The queries above usually yield enough information to be able to determine why a particular batch is failing.
endif::pro[]
Common reasons a batch might fail include:
* The schema at the destination has a column that is not nullable yet the source
has the column defined as nullable and a data change was sent with the column as null.
* A foreign key constraint at the destination is preventing an insertion or update, which could be caused from
data being deleted at the destination or the foreign key constraint is not in place at the source.
* The data size of a column on the destination is smaller than the data size in the source, and data that
is too large for the destination has been synced.
===== Resolving the Issue
Once you have decided upon the cause of the issue, you'll have to decide the best course of action to fix the issue. If, for example,
the problem is due to a database schema mismatch, one possible solution would be to alter the destination database
in such a way that the SQL error no longer occurs. Whatever approach you take to remedy the issue, once you have
made the change, on the next push or pull SymmetricDS will retry the batch
and the channel's data will start flowing again.
If you have instead decided that the batch itself is wrong, or does not need synchronized, or you wish to remove a
particular data change from a batch, you do have the option of changing the data associated with the batch directly.

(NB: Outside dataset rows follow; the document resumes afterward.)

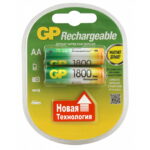 Аккумулятор GP R6 2300 GP 230AAHC-2DECRC2 20/200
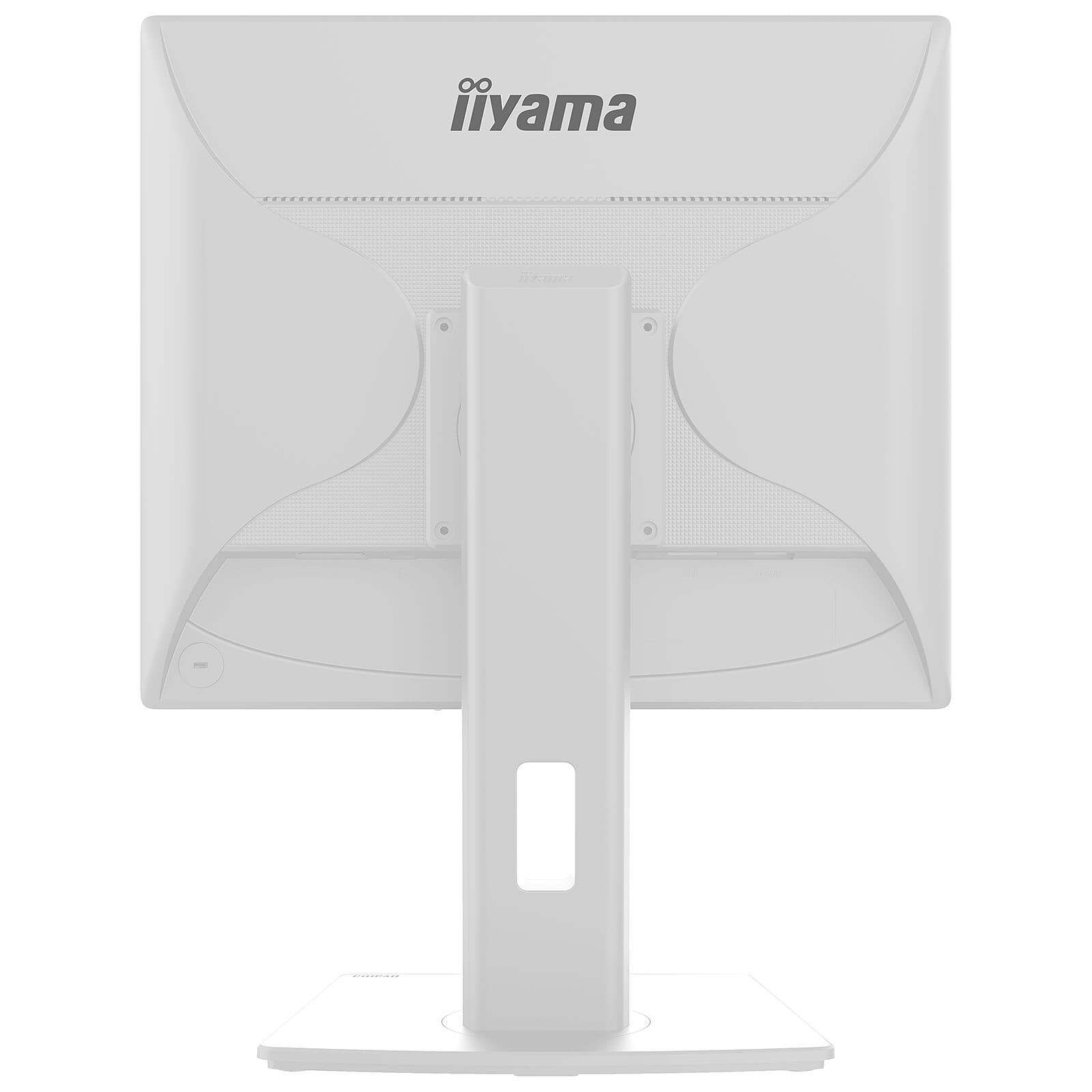 iiyama 19" LED - ProLite B1980S-W1 4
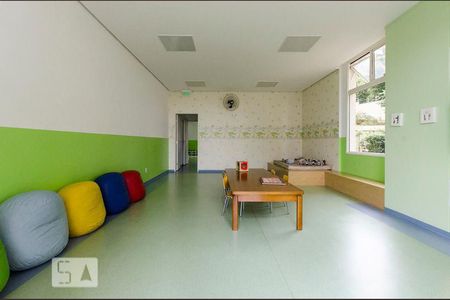 Apartamento à venda com 178m², 2 quartos e 2 vagasÁrea Comum - Brinquedoteca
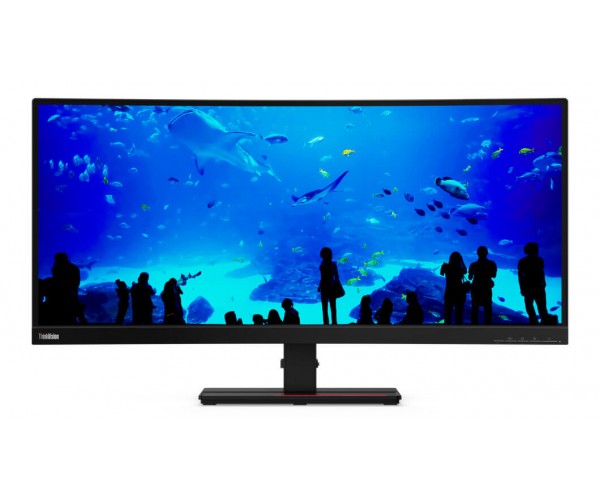 Монитор Lenovo 61F3GAT1EU 34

WARNING: Be cautious when using the following two approaches to resolve synchronization issues. By far, the
best approach to solving a synchronization error is to resolve what is truly causing the
error at the destination database. Skipping a batch or removing a data id as discussed below should be your
solution of last resort, since doing so results in differences between the source and destination databases.
Now that you've read the warning, if you _still_ want to change the batch
data itself, you do have several options, including:
ifndef::pro[]
* Causing SymmetricDS to skip the batch completely. This is accomplished by setting the
batch's status to 'IG' (ignore), as in:
+
[source, sql]
----
update sym_outgoing_batch set status='IG' where batch_id='XXXXXX'
----
+
where XXXXXX is the failing batch. On the next pull or push, SymmetricDS will skip this batch since
it now thinks the batch has already been synchronized. Note that you can still distinguish between successful
batches and ones that you've artificially marked as 'OK', since the `error_flag` column on
the failed batch will still be set to '1' (in error).
endif::pro[]
ifdef::pro[]
* Causing SymmetricDS to skip the batch completely can be accomplished from the user interface. Select the batch that should be
ignored. Click *Change* and select *Ignore Batch*.
+
image::images/manage/manage-outgoing-batches-error-ignore.png[]
endif::pro[]
* Removing the failing data id from the batch by deleting the corresponding row in <<DATA_EVENT>>.
Eliminating the data id from the list of data ids in the batch will cause future synchronization attempts
of the batch to no longer include that particular data change as part of the batch. For example:
+
[source, sql]
delete from sym_data_event where batch_id='XXXXXX' and data_id='YYYYYY'
where XXXXXX is the failing batch and YYYYYY is the data id to longer be included in the batch.
+
After modifying the batch you will have to clear the <<Staging Area>> manually or wait for the staged version of the batch to timeout and clear itself.